Comparative version of opp. 31,
no.2 and 53: Maurizio Pollini on DG 427
642-2
This is a notable addition
to Fazil Say’s slim discography for
Naïve, showing that it is quality
he’s interested in as an artist. Given
his many commitments as a solo artist,
chamber musician and composer it is
unsurprising that his recordings are
not more frequent.
The presentation of
three mid-period Beethoven sonatas -
though for some reason presented in
reverse order to composition - brings
Say into direct comparison with every
great pianist that set these works down
for posterity. But what I love - yes,
love – about his approach is that he
is unafraid of any of them. So assured
is his technique and interpretive skill
that he is more than equal to taking
on Beethoven on his own terms. Among
those terms I surely have to count being
a composer, as each work here smacks
of being heard through a composer’s
ears rather than just a pianist’s hands.
Appassionata sonata:
The evocation of hesitant shadows before
the stormy outburst is atmospherically
caught, but when the brief storm comes
you really feel it. Passagework is attacked
often savagely, but even where this
is not stated it remains implied. The
piano is recorded with ample fullness
of tone to represent the extremes to
which Beethoven pushed the instrument.
Unprepared listeners might be left reaching
for the volume control, but I could
not resist leaving it – perhaps a little
too loud – the roller-coaster ride of
emotions being too absorbing to care
otherwise. Anyhow, it seemed to fit
with Say’s robust and argumentative
conception of Beethoven the man as seen
through his music. The first movement,
being fairly driven both in terms of
tempo and tone benefits to a large extent
from the fact that moments of inner-looking
quiet register fully.
The central Andante
con moto builds impressively through
finely projected and clearly articulated
tone. Say’s playing leaves the trace
of music that means much to him, and
this comes through his careful yet not
over-studied sense of sonority, again
allowing contrasts to be fully registered
– the cloudy bass register with the
bell like clarity of the treble register.
The closing Allegro ma non troppo begins
with true agitation, as it should –
leading to a transition that is articulately
handled to give a real sense of perspective
to the movement’s development prior
to the return of the first subject,
full of punchy authority.
If the other two sonatas
are cut from much the same cloth interpretively,
and they are, I can see little wrong
in this.
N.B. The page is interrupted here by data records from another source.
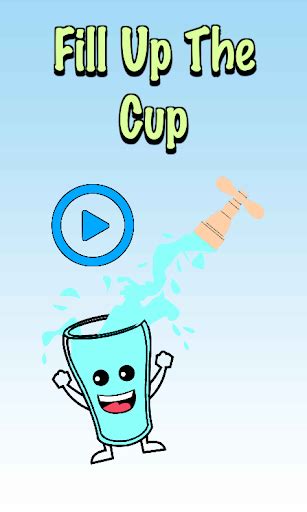 Fill Up The Cup For Pc Mac Windows 111087 Free Download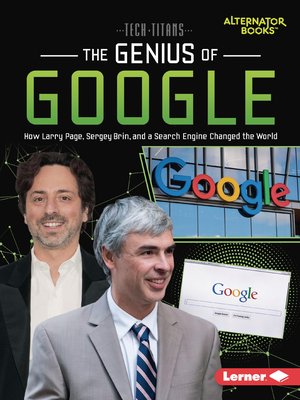 The Genius of Google: How Larry Page, Sergey Brin, and a Search Engine Changed the World - Goldstein, Margaret J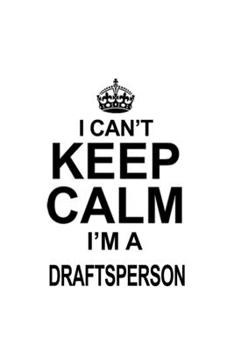 Paperback I Can't Keep Calm I'm A Draftsperson: Creative Draftsperson Notebook, Journal Gift, Diary, Doodle Gift or Notebook - 6 x 9 Compact Size- 109 Blank Lin Book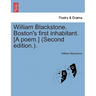 William Blackstone. Boston's First Inhabitant. [a Poem.] (Second Edition.).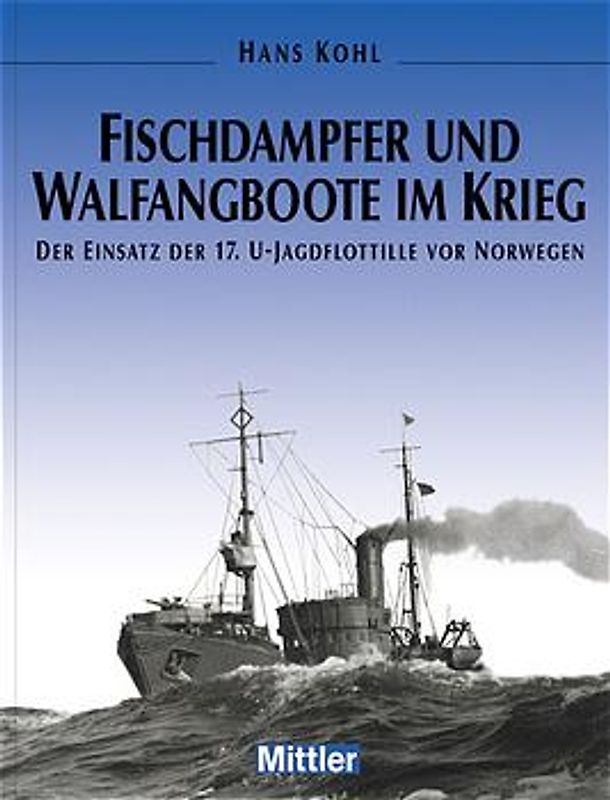 Fischdampfer und Walfänger im Krieg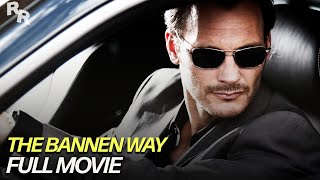 The Bannen Way  Full Movie  Rapid Response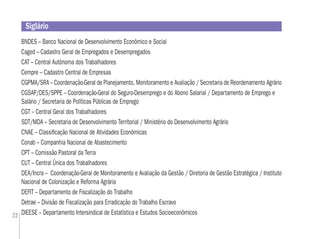 22
Siglário
BNDES – Banco Nacional de Desenvolvimento Econômico e Social
Caged – Cadastro Geral de Empregados e Desempregados
CAT – Central Autônoma dos Trabalhadores
Cempre – Cadastro Central de Empresas
CGPMA/SRA – Coordenação-Geral de Planejamento, Monitoramento e Avaliação / Secretaria de Reordenamento Agrário
CGSAP/DES/SPPE – Coordenação-Geral do Seguro-Desemprego e do Abono Salarial / Departamento de Emprego e
Salário / Secretaria de Políticas Públicas de Emprego
CGT – Central Geral dos Trabalhadores
SDT/MDA – Secretaria de Desenvolvimento Territorial / Ministério do Desenvolvimento Agrário
CNAE – Classiﬁcação Nacional de Atividades Econômicas
Conab – Companhia Nacional de Abastecimento
CPT – Comissão Pastoral da Terra
CUT – Central Única dos Trabalhadores
DEA/Incra – Coordenação-Geral de Monitoramento e Avaliação da Gestão / Diretoria de Gestão Estratégica / Instituto
Nacional de Colonização e Reforma Agrária
DEFIT – Departamento de Fiscalização do Trabalho
Detrae – Divisão de Fiscalização para Erradicação do Trabalho Escravo
DIEESE – Departamento Intersindical de Estatística e Estudos Socioeconômicos
 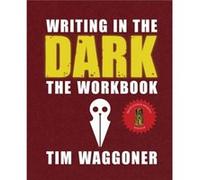 Writing in the Dark by Tim Waggoner Tim Waggoner (Auteur)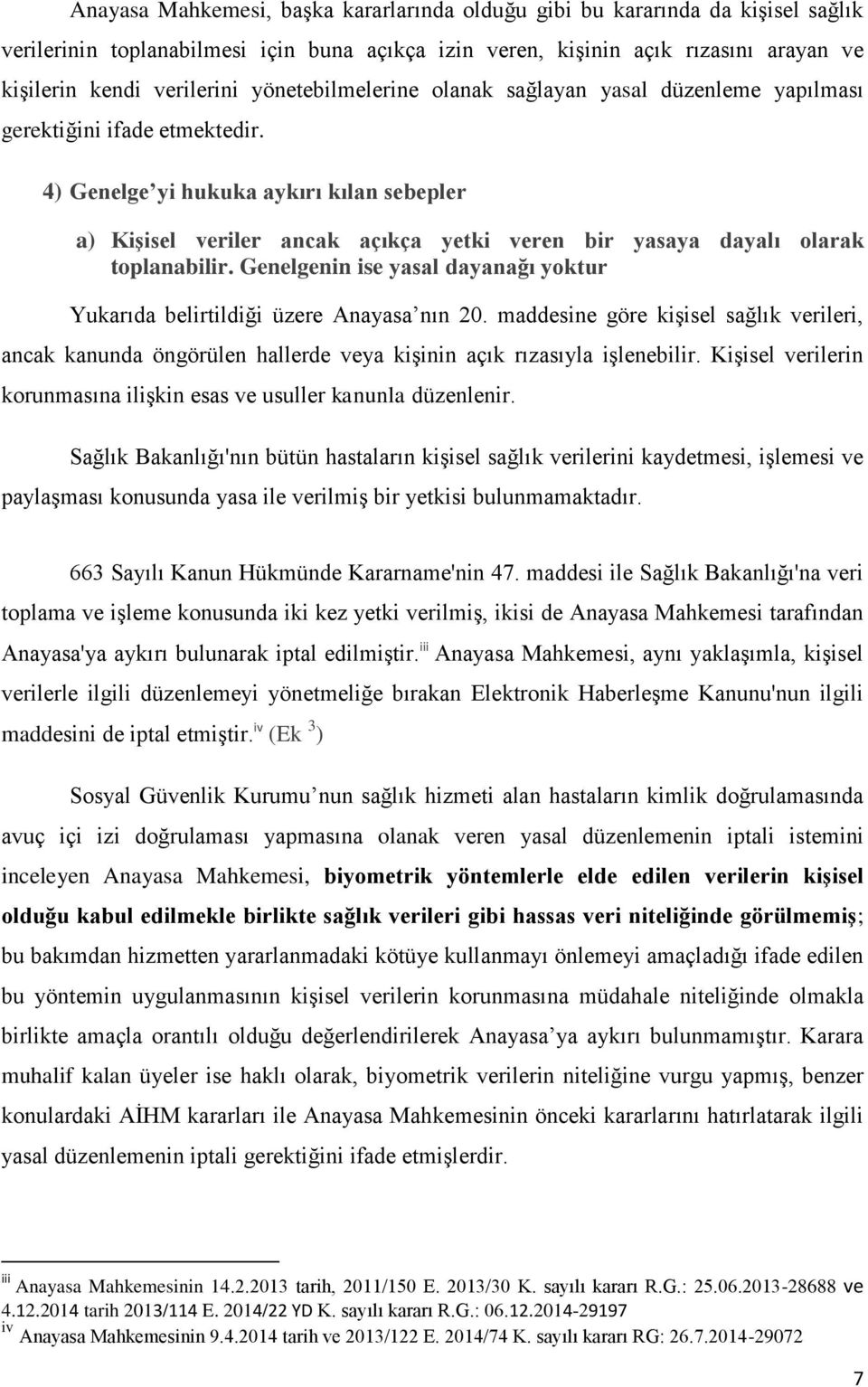 4) Genelge yi hukuka aykırı kılan sebepler a) Kişisel veriler ancak açıkça yetki veren bir yasaya dayalı olarak toplanabilir.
True, his interpretations of
opp. 31, no.2 and 53 might not have
Pollini’s individuality about them but
they are resolutely mid-period Beethoven
delivered with fire and enthusiasm allied
with strength of technique. It says
much for Fazil Say that where others
might power on and ride slipshod over
the details he takes care over them
without neglecting the structure he
works within. I found his finely wrought
chiaroscuro opening to the Waldstein’s
Allegro molto most sensitively handled,
yet what followed possessed a strength
that was apt and in place. The Tempest’s
strength and destructive power might
be slower to arrive with Say than Pollini,
but from the first it is there. His
way of using the natural pauses in the
written line gives the ensuing onslaught
all the more energy, which contrasts
with the Adagio’s poetry. The Allegretto
brings it all to a clean and crisp conclusion.
This is Beethoven with an edge from
an assured artist still in his ascendancy,
and it makes for a thrilling experience
that I shall return to often with pleasure.